───── THE DATA ─────

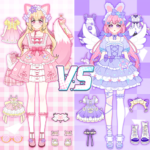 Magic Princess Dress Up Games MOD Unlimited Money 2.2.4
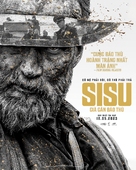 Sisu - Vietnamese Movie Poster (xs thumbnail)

─────
───── THE DATA ─────

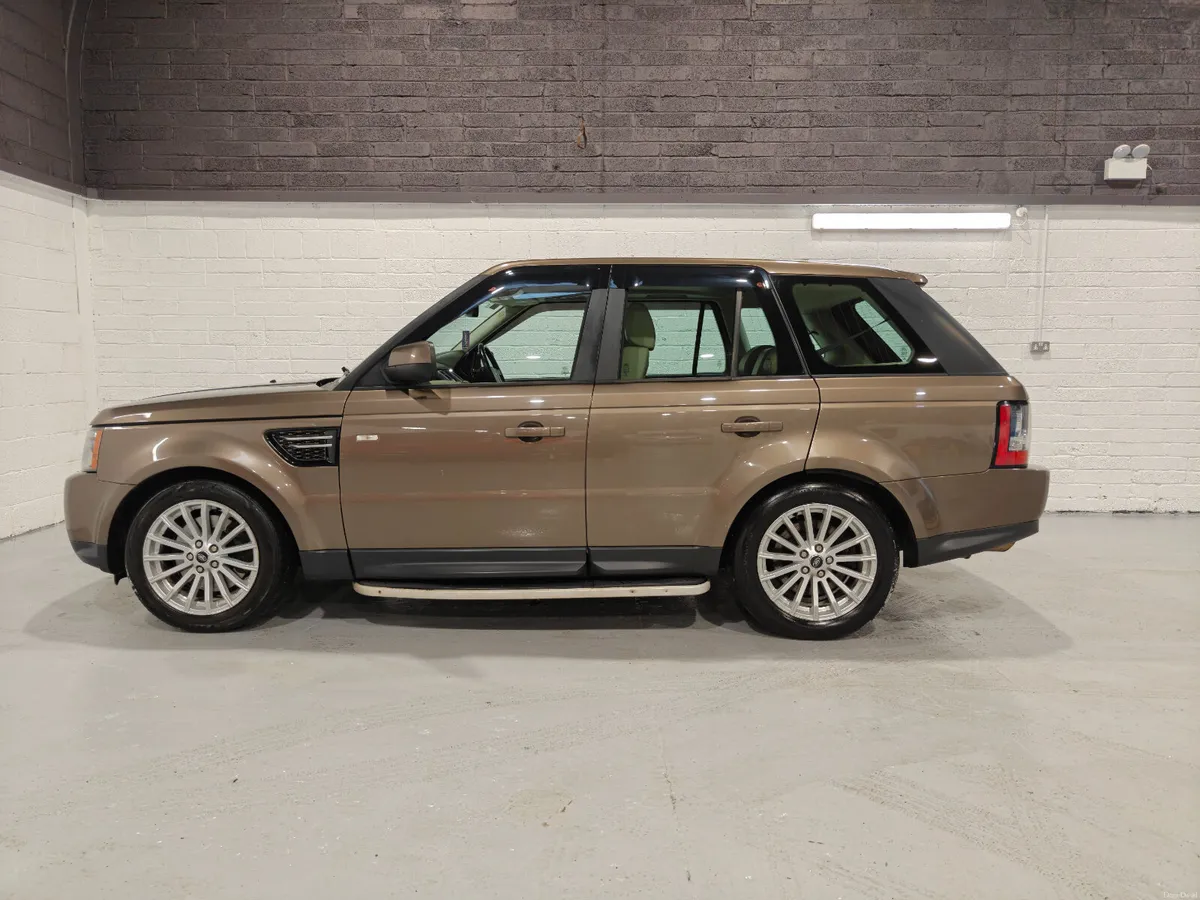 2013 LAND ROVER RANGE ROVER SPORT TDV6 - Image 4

─────

● TRY IT:
Reproduce the lines above starting at the one with "Magic Princess Dress" and ending at the one with "Sisu - Vietnamese", both included, exactly and with no pictures.

● SOLUTION TO THE PROBLEM:
 Magic Princess Dress Up Games MOD Unlimited Money 2.2.4
 Sisu - Vietnamese Movie Poster (xs thumbnail)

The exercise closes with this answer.